Information supplied:
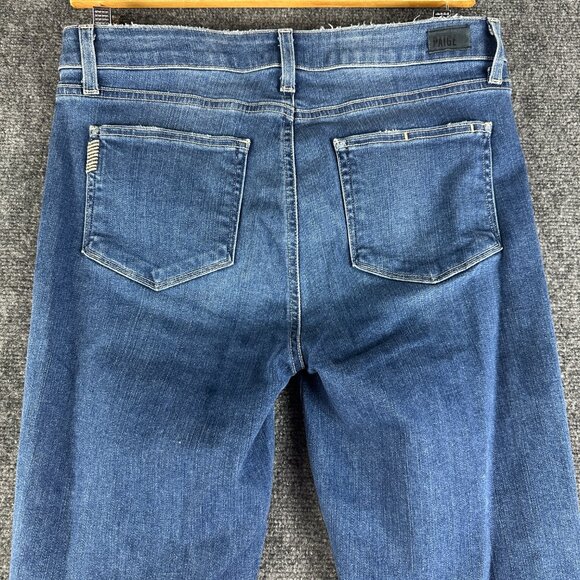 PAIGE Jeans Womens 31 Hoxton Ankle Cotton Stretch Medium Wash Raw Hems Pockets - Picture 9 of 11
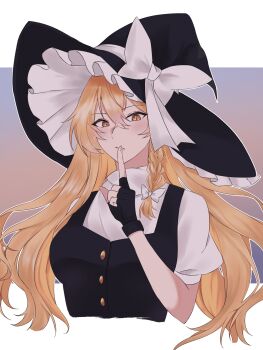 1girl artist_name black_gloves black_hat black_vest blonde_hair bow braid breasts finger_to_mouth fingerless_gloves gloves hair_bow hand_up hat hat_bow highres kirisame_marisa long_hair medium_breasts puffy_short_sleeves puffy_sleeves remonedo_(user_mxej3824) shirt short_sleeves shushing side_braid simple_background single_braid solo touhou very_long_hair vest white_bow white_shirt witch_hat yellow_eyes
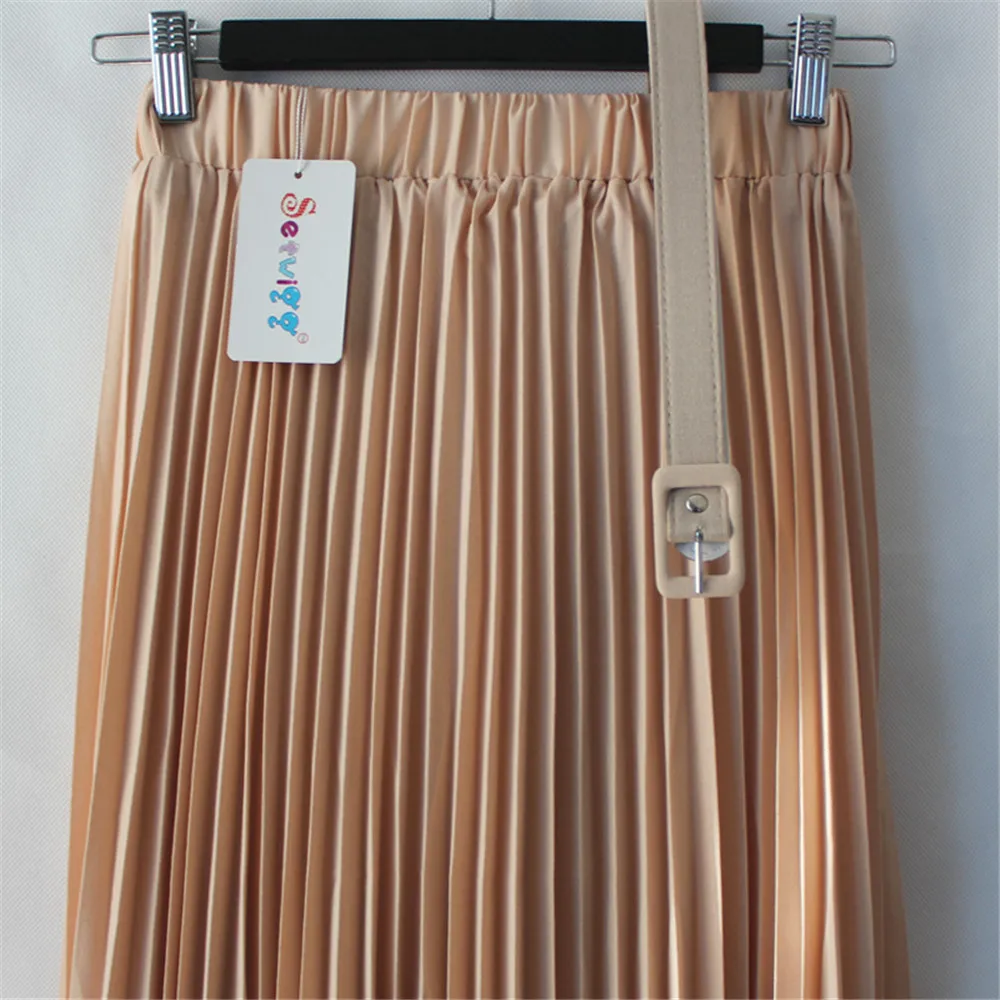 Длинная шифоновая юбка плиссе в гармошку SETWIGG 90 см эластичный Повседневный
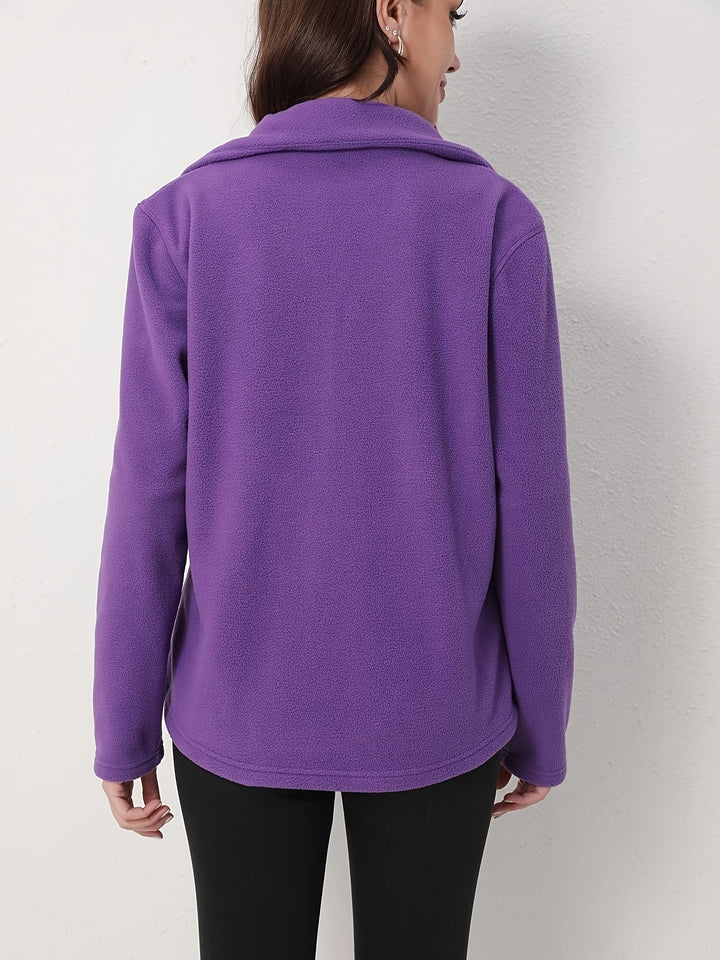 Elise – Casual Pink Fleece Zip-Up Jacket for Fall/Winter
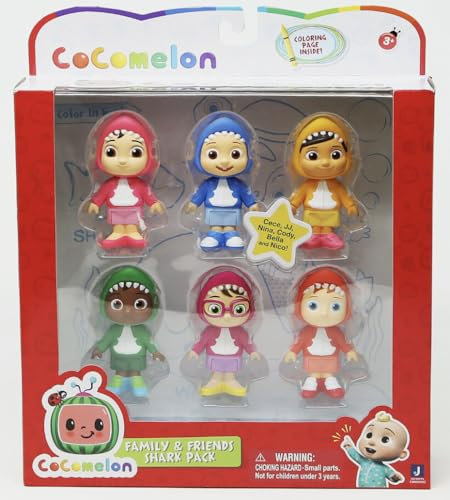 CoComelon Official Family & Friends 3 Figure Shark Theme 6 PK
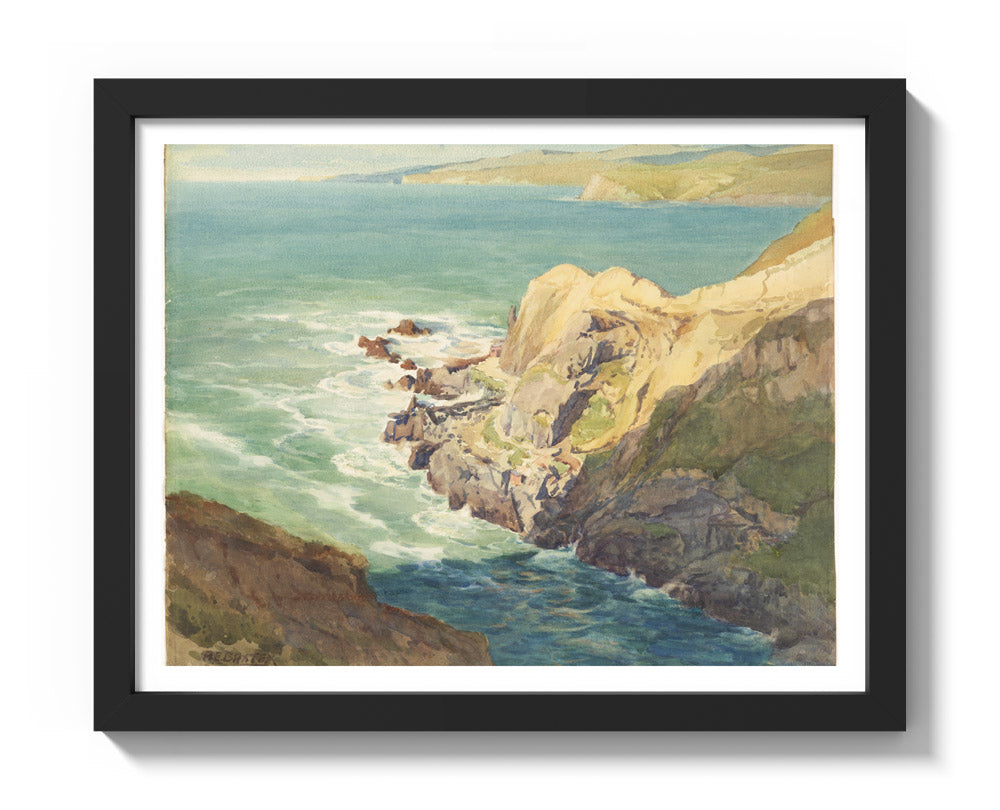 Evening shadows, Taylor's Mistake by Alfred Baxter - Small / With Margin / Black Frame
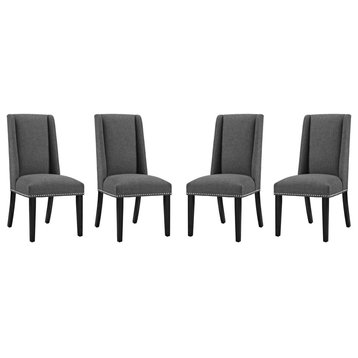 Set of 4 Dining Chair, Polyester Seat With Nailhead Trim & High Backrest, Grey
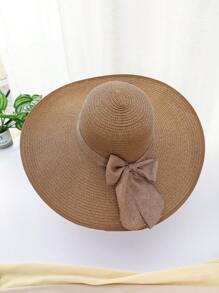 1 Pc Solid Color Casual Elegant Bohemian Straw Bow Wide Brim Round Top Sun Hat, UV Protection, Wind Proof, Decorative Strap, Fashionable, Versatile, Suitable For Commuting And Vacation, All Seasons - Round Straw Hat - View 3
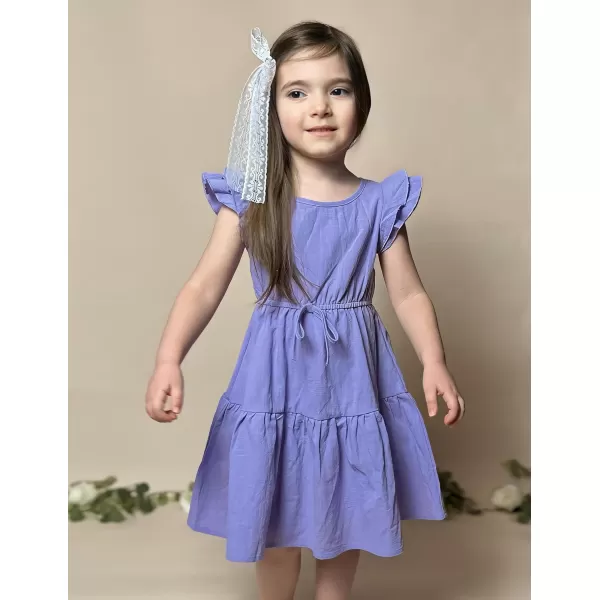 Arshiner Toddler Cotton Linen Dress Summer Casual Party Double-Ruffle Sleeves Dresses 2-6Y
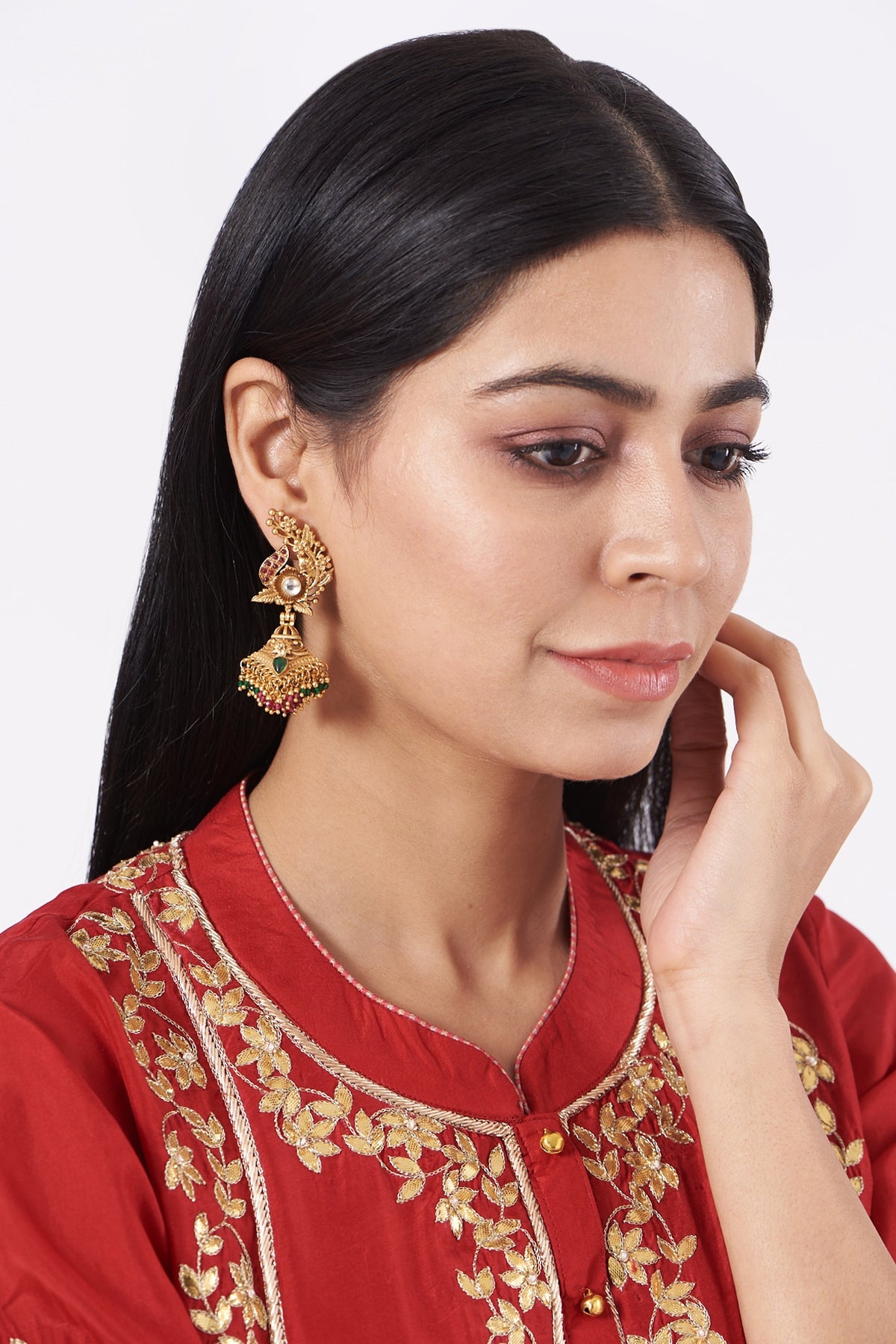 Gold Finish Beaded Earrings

Activity: An exact copy is required of the lines from the one holding "Set of 4 Dining" to the end of the entries above, both included; no pictures belong in it.

Solved problem:
 Set of 4 Dining Chair, Polyester Seat With Nailhead Trim & High Backrest, Grey
 1 Pc Solid Color Casual Elegant Bohemian Straw Bow Wide Brim Round Top Sun Hat, UV Protection, Wind Proof, Decorative Strap, Fashionable, Versatile, Suitable For Commuting And Vacation, All Seasons - Round Straw Hat - View 3
 Arshiner Toddler Cotton Linen Dress Summer Casual Party Double-Ruffle Sleeves Dresses 2-6Y
 Gold Finish Beaded Earrings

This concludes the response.